I thought you might have known the Bandulu guys, because they have a background in hip hop and graffiti.
No. When I spoke to Lucien on the phone, though, because he was a graffiti writer, he knew my tag “Coma”, and that helped to get him to trust me and get them on board. I obviously bought their records. Lucien was telling me that they were into both hip hop, The Zulu Nation, and soundsystems like Jah Shaka, so that’s why they called themselves the “Bandulu Nation”. He seems really cool, and I think they’re talking about playing live again.
Isn’t the story that they sampled My Mine for Amaranth, and then Carl Craig sampled Amaranth for his track, Rushed?
Yes. Lucien gave Carl Craig the record to sample.
That’s really funny because you’d assume it would be the other way around.
The music changed so quickly, in such a short space of time.
I know! It’s so mad!
Do you have any idea why that sound is popular again?
I think it’s just a new generation of people, younger people, looking for something new, and discovering it. They have no memories attached to it, so they’re coming to it fresh, from a different angle.
Young Marco did a couple of trance-y comps, Planet Love, on his label, Safe Trip. It was music from the same era as your Dream The Dream, but I don’t think it was focussed on UK productions.
I don’t think that the UK sound has ever been properly documented, and its influences are quite broad. The UVX guys are kind of proto-trance, and then you’ve got the G-Force track, which is a bit tribal, Epoch 90, which is breaks and bleeps. That Orr-Some track, which was a big track back then – Grooverider and Matthew Bushwacka used to play it – the bass-line borrows from reggae soundsystems. It was later sampled in a lot of hardcore records. I played it last year at the Gala Festival and it still sounds great.
Talking to you now I think that maybe one of the things that the comp does is capture that point just before everything splintered off into sub-genres. It’s all house, It’s all different, but it was all being played together.
Exactly. Acid house by that time was 4 or 5 years old. I’d listen to Colin Dale’s radio show – Outer Limits – and it was “techno” but it was really broad – so you’d even have industrial stuff in there like Laibach and Greater Than One.
Acid house initially brought people together but then they separated into cliques again. With the clubs and parties that I was going to you had those who followed Weatherall into the void, those who worshipped only US house, and those like Glenn Gunner, who headed up a disco revival.
I think that there was more music being made. Before that you couldn’t have a night of only, say, Detroit techno.

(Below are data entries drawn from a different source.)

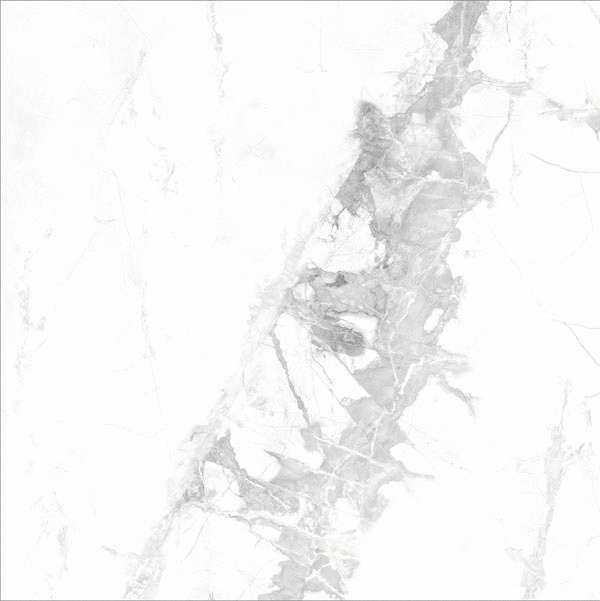 Idalgo Lusso Граните Люссо Санто LLR 60x60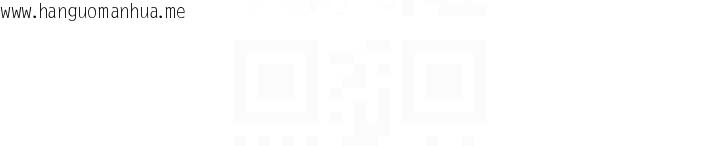 韩国漫画Set-up!排球少女韩漫_Set-up!排球少女-第86话-学姐，妳想加入吗?在线免费阅读-韩国漫画-第153张图片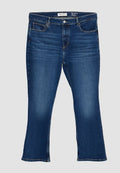Marc O'Polo Flared Jeans Media 1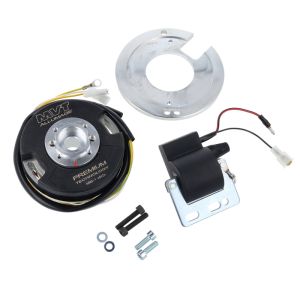 MVT Ontsteking Premium Race Yamaha DT/RD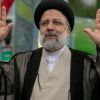 "الجهاد الإسلامي": كلمة الرئيس الإيراني تعبير صادق عن الموقف الايراني الملتزم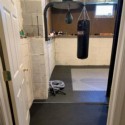 Home BJJ Mats 1-1/2 Inch x 2x2 Ft. customer review photo 1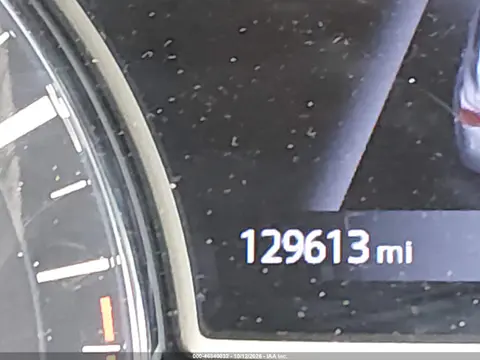 1N4AL3AP0JC179977 — 2018 Nissan Altima, Передняя часть, фото до ремонта
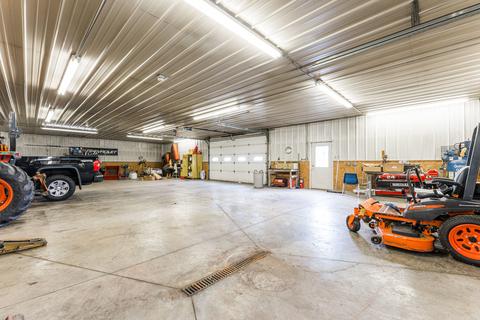 16632 Il Route 38, Maple Park, IL 60151 photo 52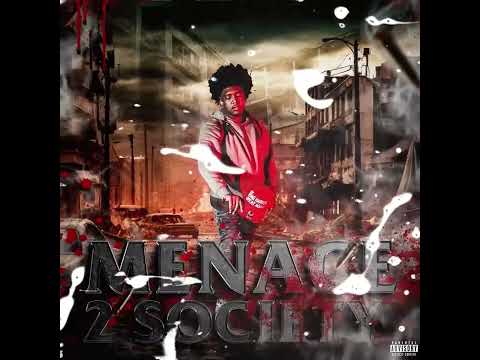 Pac2L-Law and order ft Zaybang prod: @swiftjiggypapa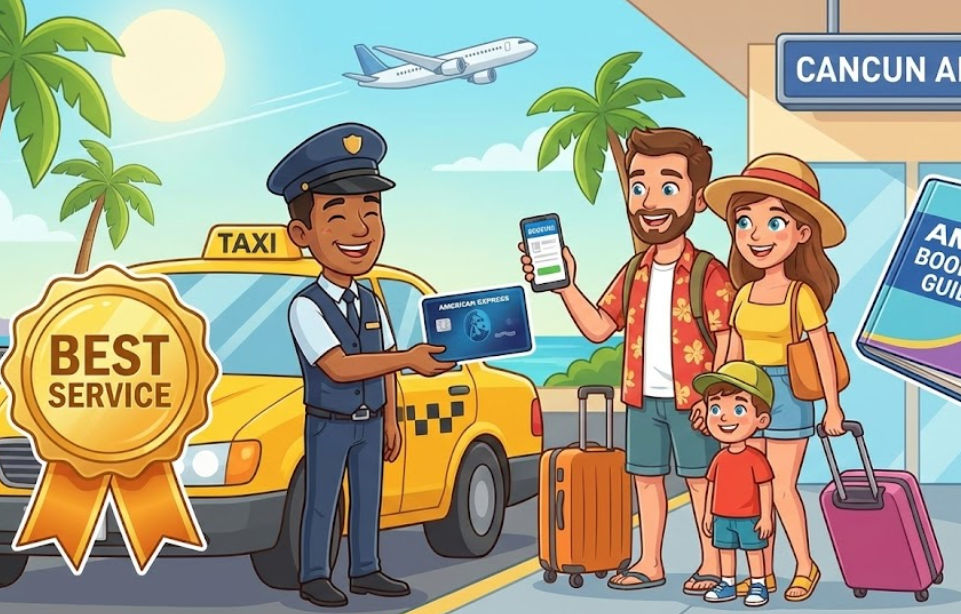 Descripción de la imagen 70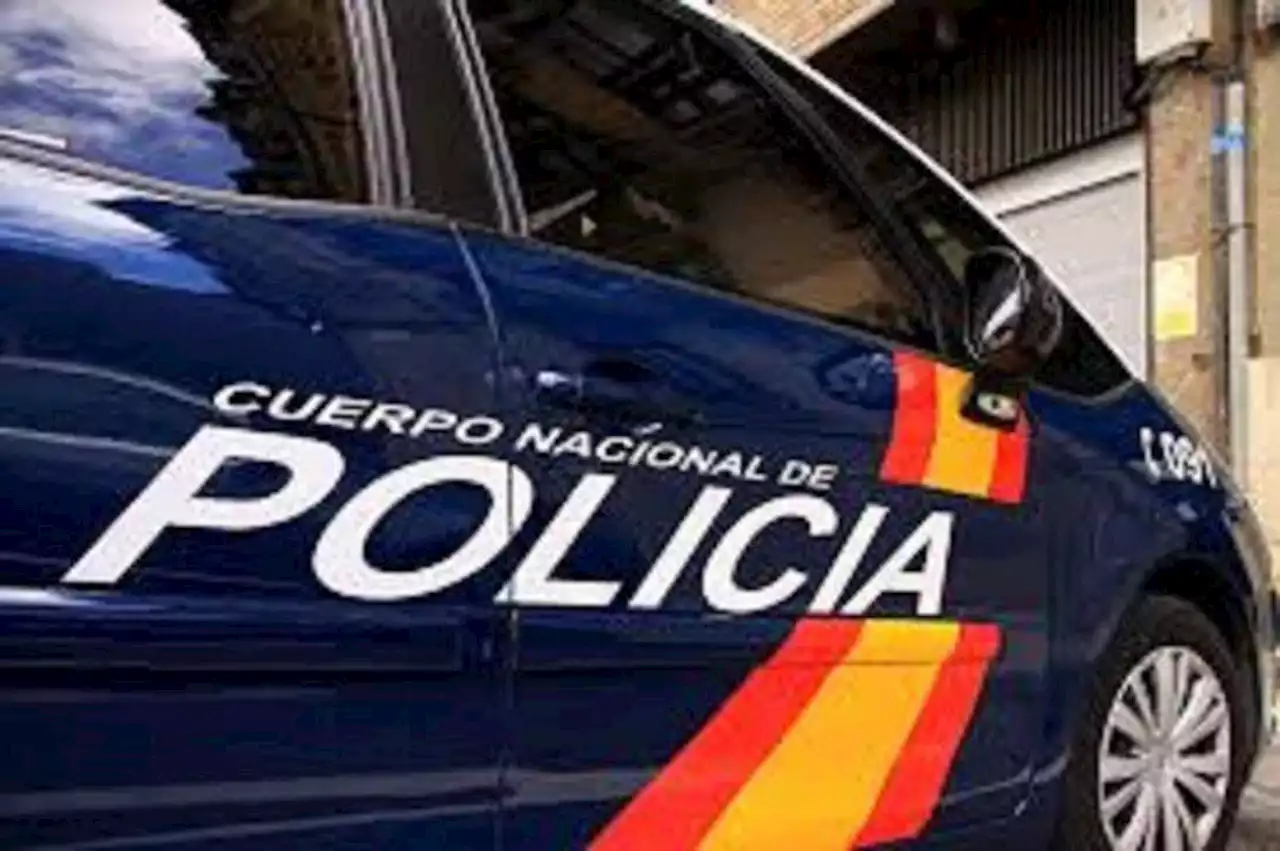 Hacinadas en un cuarto de calderas y vigiladas con cámaras y micrófonos: así vivían las víctimas de explotación sexual rescatadas en Valladolid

I think people’s attitudes changed as well. Initially everyone was dressing down, but then some started dressing up again, while others hung on to a kind of utopian / hippy vibe.
It became more of an industry. Look at it now. It’s a monster.
Richard Sen Presents Dream The Dream will be released this week on Ransom Note. The launch party takes place at The Waiting Room in Stoke Newington on June 16th. Richard hosts regular shows on both Balamii and Do!!You!!! Radio.